Stock market investing is not only about buying and selling stocks. After a stage, the investors begin to see the investments as a collection of stocks. Single stocks transform themselves into a shares portfolio.
A stage comes when the investor starts to pay less attention to individual stocks. For him/her, more important is the present value of the portfolio versus the cost of investment.
Suppose a person has built a portfolio consisting of about fifty (50) number stocks. Within this collection of stocks, the value of individual shares will go up and down each day. This volatility is unavoidable. But for the investor, short-term price movements matter less. More important is the cumulative worth of the total shares portfolio.

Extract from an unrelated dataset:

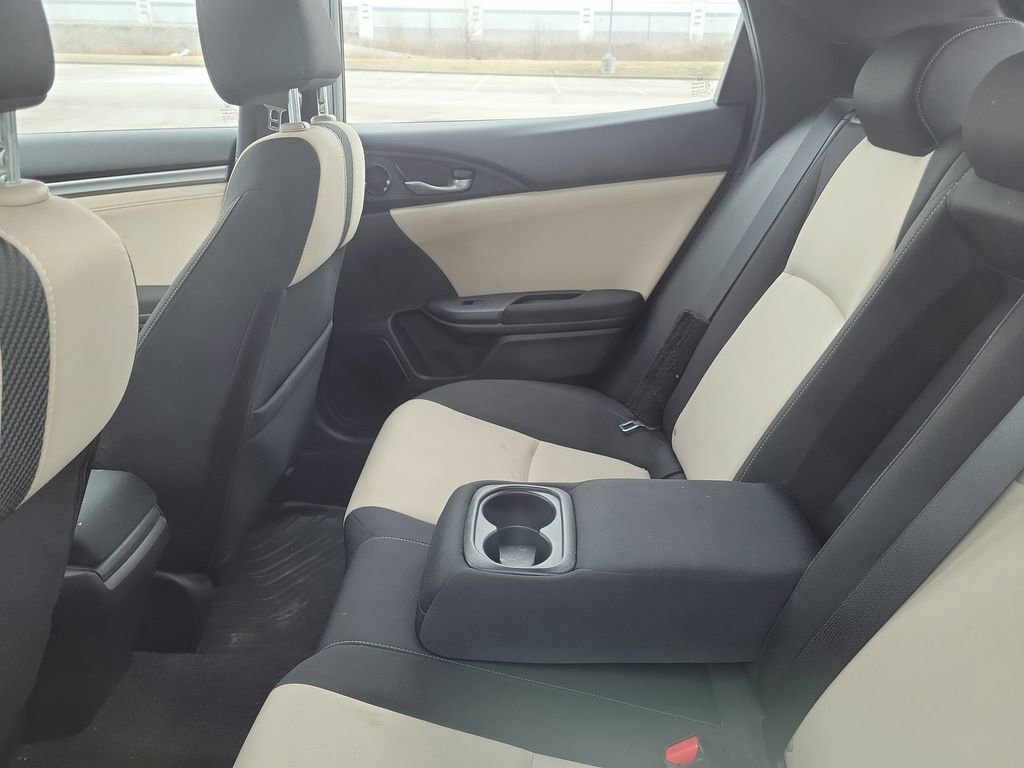 Used 2019 Honda Civic EX image 7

If you’ve reached a stage like this, your thought process has been pruned to build a bigger shares portfolio. But there will be new realizations, we will discuss them in this article.
Realizations about shares portfolio
We will mainly talk about five (5) major realizations related to a stock portfolio. I first realized it after the 2008-09 stock market crash. I formally started building an investment portfolio during that time. As I started investing during a market crash, the first few months were euphoric. Everything I touched became profitable, but soon I realized that upsides are not forever.
The same stocks that showed 40%+ gains in a few months, came close to being red. In those days, I first realized the benefits of diversification. To calm my nerves, I started looking at my basket of stocks as a portfolio. Inside the portfolio, volatility was rampant, but the present value of my portfolio remained green. It gave me a lot of confidence.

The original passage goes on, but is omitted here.